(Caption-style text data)
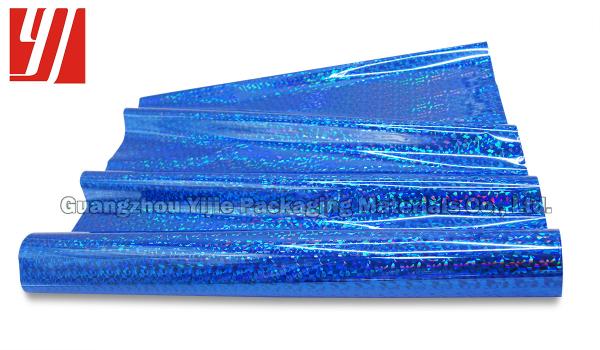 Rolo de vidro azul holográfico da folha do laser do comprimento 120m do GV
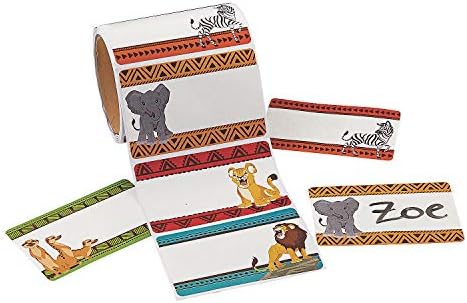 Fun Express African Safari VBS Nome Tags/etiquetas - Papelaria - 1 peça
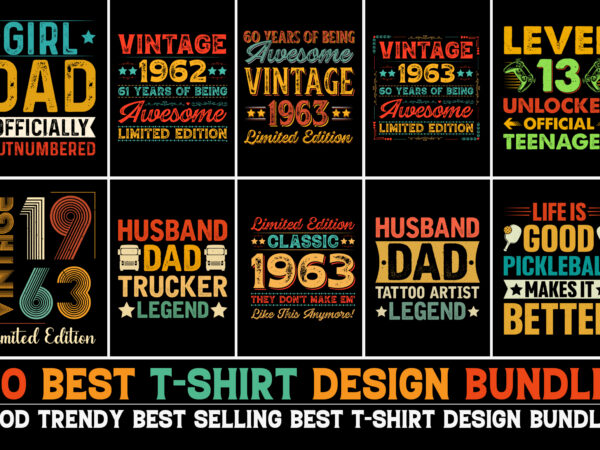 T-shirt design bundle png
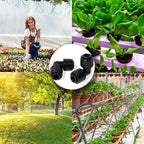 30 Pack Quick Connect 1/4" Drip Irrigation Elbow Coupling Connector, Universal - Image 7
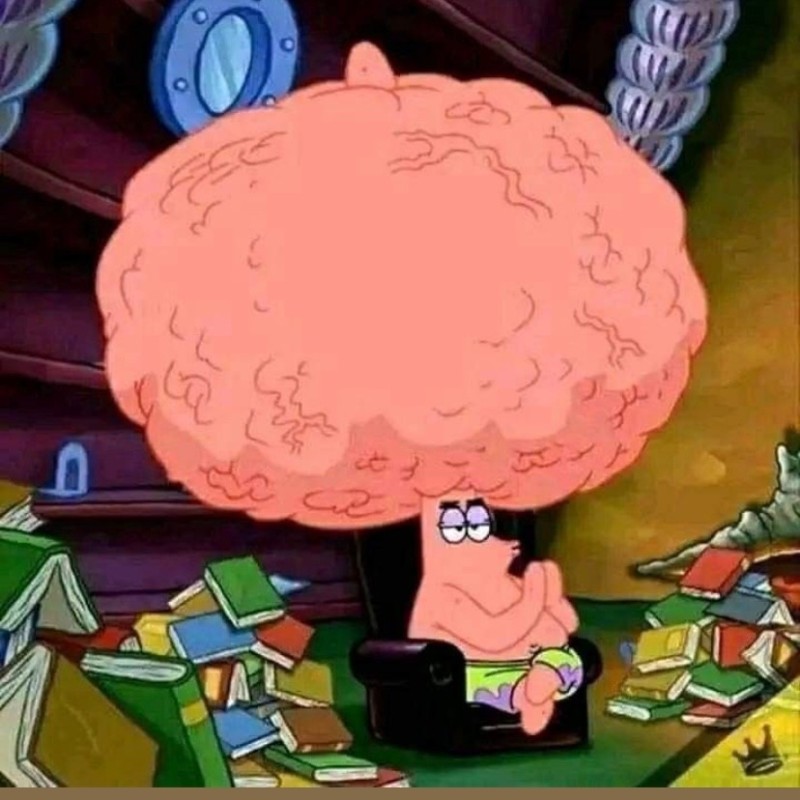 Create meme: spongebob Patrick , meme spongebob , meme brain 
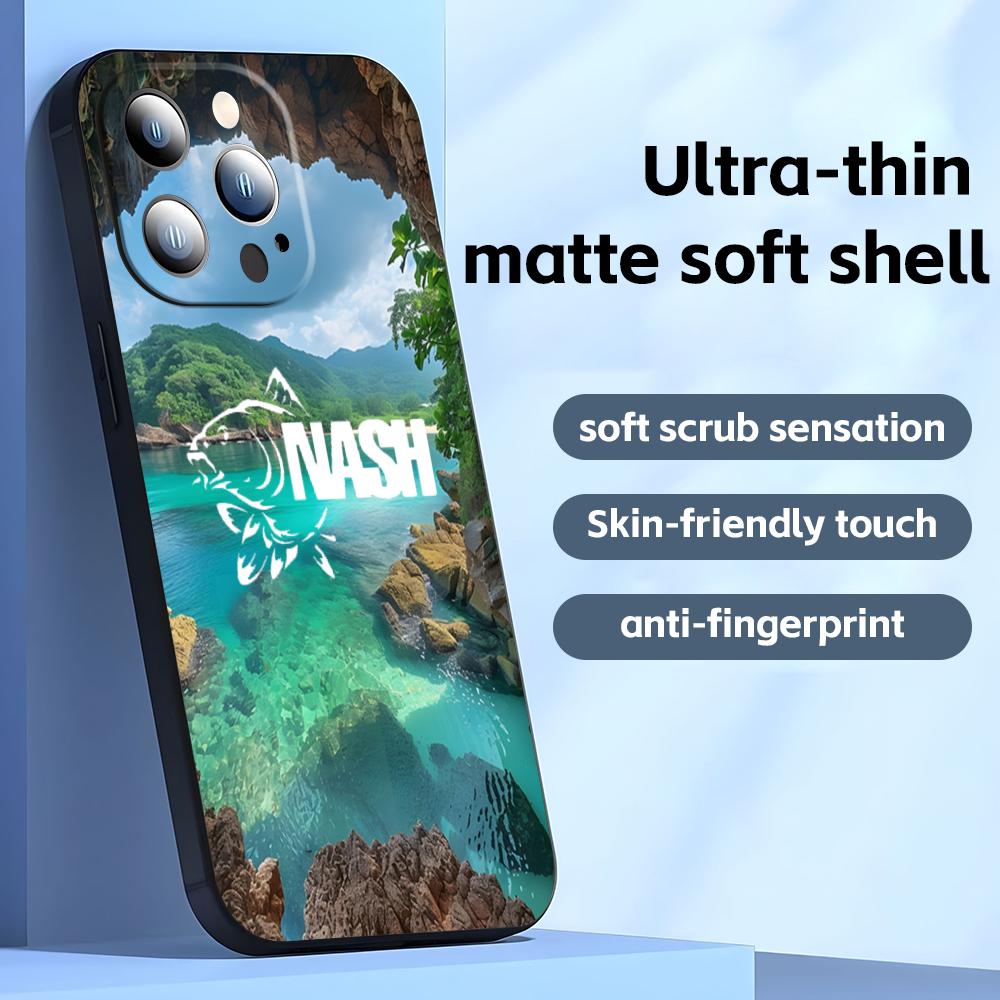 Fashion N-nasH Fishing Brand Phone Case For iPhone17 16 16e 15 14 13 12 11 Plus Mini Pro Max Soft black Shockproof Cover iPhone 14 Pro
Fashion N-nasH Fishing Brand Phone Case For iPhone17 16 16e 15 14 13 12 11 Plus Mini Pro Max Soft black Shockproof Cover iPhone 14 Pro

● **What to work on**
Skip the pictures and print each record exactly as it stands.

● **Answer space**
 Rolo de vidro azul holográfico da folha do laser do comprimento 120m do GV
 Fun Express African Safari VBS Nome Tags/etiquetas - Papelaria - 1 peça
 T-shirt design bundle png
 30 Pack Quick Connect 1/4" Drip Irrigation Elbow Coupling Connector, Universal - Image 7
 Create meme: spongebob Patrick , meme spongebob , meme brain 
 Fashion N-nasH Fishing Brand Phone Case For iPhone17 16 16e 15 14 13 12 11 Plus Mini Pro Max Soft black Shockproof Cover iPhone 14 Pro
Fashion N-nasH Fishing Brand Phone Case For iPhone17 16 16e 15 14 13 12 11 Plus Mini Pro Max Soft black Shockproof Cover iPhone 14 Pro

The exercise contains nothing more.